Brief descriptive captions:
· · · ·
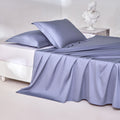 Azura - Egyptian Cotton Flat Sheet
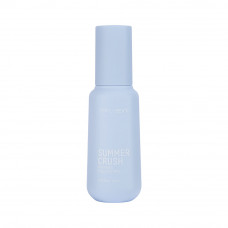 Simply Sexy Pheromone Hair + Body Mist Summer Crush 3.35 oz. Simply Sexy Pheromone Hair + Body Mist Summer Crush 3.35 oz.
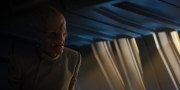 Filename=extant_StarTrekDiscovery_1x11-TheWolfInside_0889.jpg
Filesize=143KiB
Dimensions=1920x960
Date added=Jan 02, 2019 extant_StarTrekDiscovery_1x11-TheWolfInside_0889.jpg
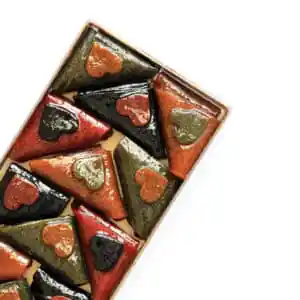 لواشک مخصوص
· · · ·
● What to do:
Word for word, give again the lines from the line with "Filesize=143KiB" through the end of the records above, with both ends included and the pictures left out.

● Answer box:
Filesize=143KiB
Dimensions=1920x960
Date added=Jan 02, 2019 extant_StarTrekDiscovery_1x11-TheWolfInside_0889.jpg
 لواشک مخصوص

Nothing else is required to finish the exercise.